Leia’s footsteps jog down the stairs, and the screen door bangs shut behind her.
I get up off the bed and unpack another box. “Go on. Let’s hear it. Say what you want to say.”
Mom joins me, reaching in and picking up items that were packed too haphazardly, since I was only given a small amount of time to move us out of our house. “You have nothing to be ashamed of, Delaney. You did nothing wrong.”
“I married him.” I set Leia’s pink piggy bank on the dresser. Sean used to slip hundreds into it after bedtime on the rare nights he was there to tuck her in and kiss her good night. Which wasn’t as often as I would have preferred, but I stupidly believed he was off building our future. “I should have known.”
“You loved him,” Mom replies, stacking Leia’s books on the bookshelf that used to be filled with my own mementos.
There’re more than a couple of secrets she doesn’t know, but they can wait. One storm at a time if I want to make it through.

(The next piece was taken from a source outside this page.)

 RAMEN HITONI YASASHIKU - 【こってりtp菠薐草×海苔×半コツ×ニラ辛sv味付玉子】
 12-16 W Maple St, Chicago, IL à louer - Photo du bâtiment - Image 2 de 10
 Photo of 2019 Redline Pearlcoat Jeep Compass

“If everyone quit going out in public over embarrassment, the town square would be a ghost town.” She strokes my hair. “You have to move forward, for Leia and for yourself.”

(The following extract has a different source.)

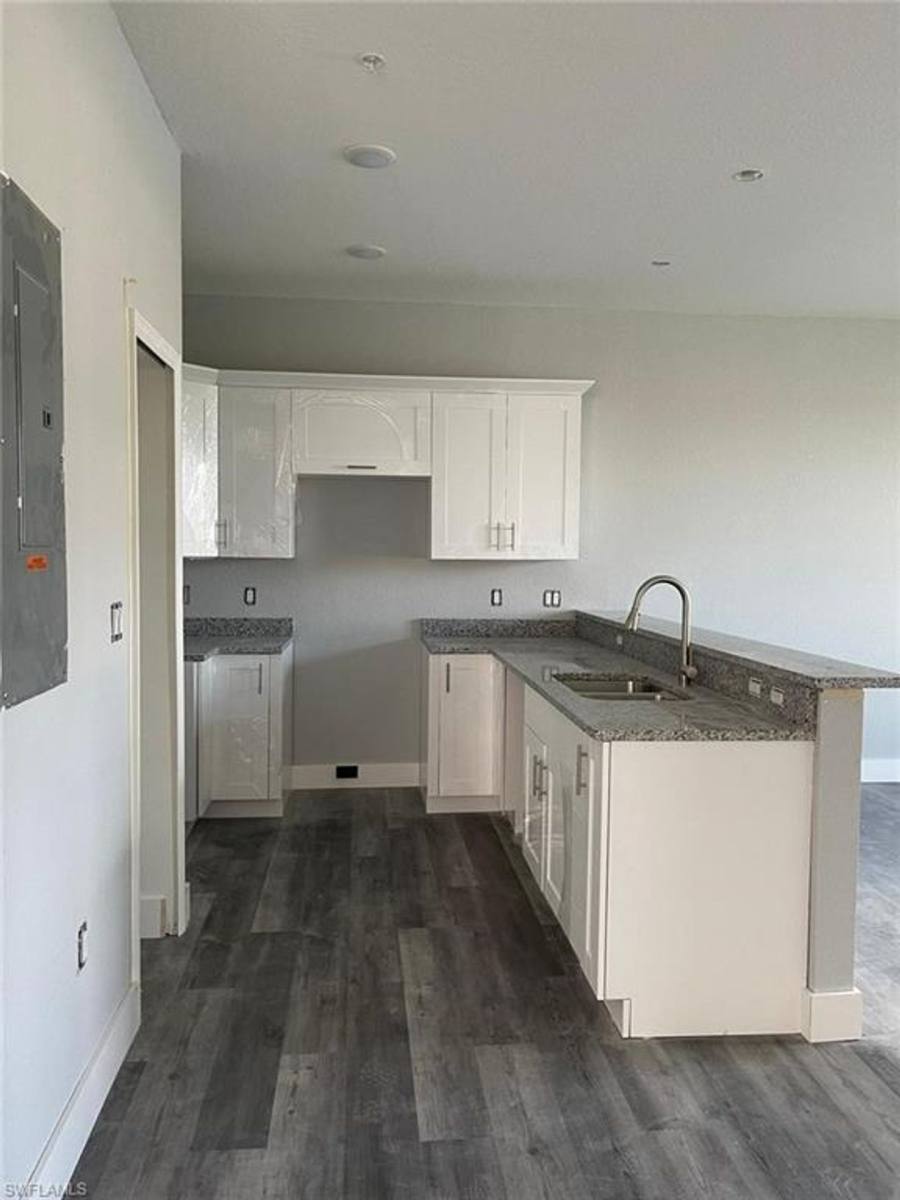 Apartment for rent at 275 SW 4th St #220, Cape Coral, FL 33991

I stare out the window. This wasn’t my childhood bedroom. My parents left Willowbrook right before my senior year of high school and only moved back six months ago to retire. Of course they couldn’t pick Florida. They had to return to the one town I swore I’d never return to.

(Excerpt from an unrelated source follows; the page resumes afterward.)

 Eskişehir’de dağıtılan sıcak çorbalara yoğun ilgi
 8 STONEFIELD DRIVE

A buttercream yellow Jeep dotted with oversized white daisies turns onto the gravel drive.
I shoot my mom a look. “You called Poppy?”
She shrugs. “She’s your friend.”
“Her cousin’s wedding reception is today.”
“It’s just a reception. Lottie’s already married to Brooks,” Mom says with a too-bright smile. “Maybe Bennett will be there.”
Goes to show how much she doesn’t know. He’s a good part of the reason I’ve been hiding. I’m not sure how our reunion will go, but from the few times my mom has talked about Bennett since returning to Willowbrook, he’s really leaning heavy on the whole widower thing—how much he loved Kristie and how her death gutted him.
I’m probably just jealous and don’t want to know he was really truly happy with someone else. I wanted him to be thinking of me late at night and going through the what-if scenarios like I do. He probably is, just for Kristie, not me. Which is the way it should be. She was his wife, and I was… well not.
“Stop it,” my mom says before kissing my temple. “Lottie will be thrilled to see you.”
“I’m not crashing a wedding, Mom.”
A knock sounds downstairs. “Hello, Richardses!”
“We’re up here,” Mom calls, then murmurs, “Sue me for wanting to see you smile again.”
Poppy breezes through the doorway, wearing jeans and a T-shirt, her blond hair hanging just below her shoulders in tight waves and not looking all that different from the last time I saw her. Time has been good to her.
She hugs my mom. “I can’t believe you’re a grandma now! Where’s the munchkin?”
“Outside with Grandpa,” Mom says. “I need to check that they’re not wading in the pond. Lord knows, if Leia asked, he’d probably say yes. You two have fun.” She walks out, leaving me with Poppy’s raised brows aimed in my direction. “And remember, I’ve got Leia for the night,” she calls from the hall.
Poppy purses her lips with her back to my mom. I really wish she wouldn’t have felt obligated to come because of my mom.
“Soo… we’re going to ignore the fact you’ve been back for weeks and haven’t bothered to reach out, because I’m in desperate need of a floral designer,” Poppy says, plopping onto Leia’s bed. “Know anyone?”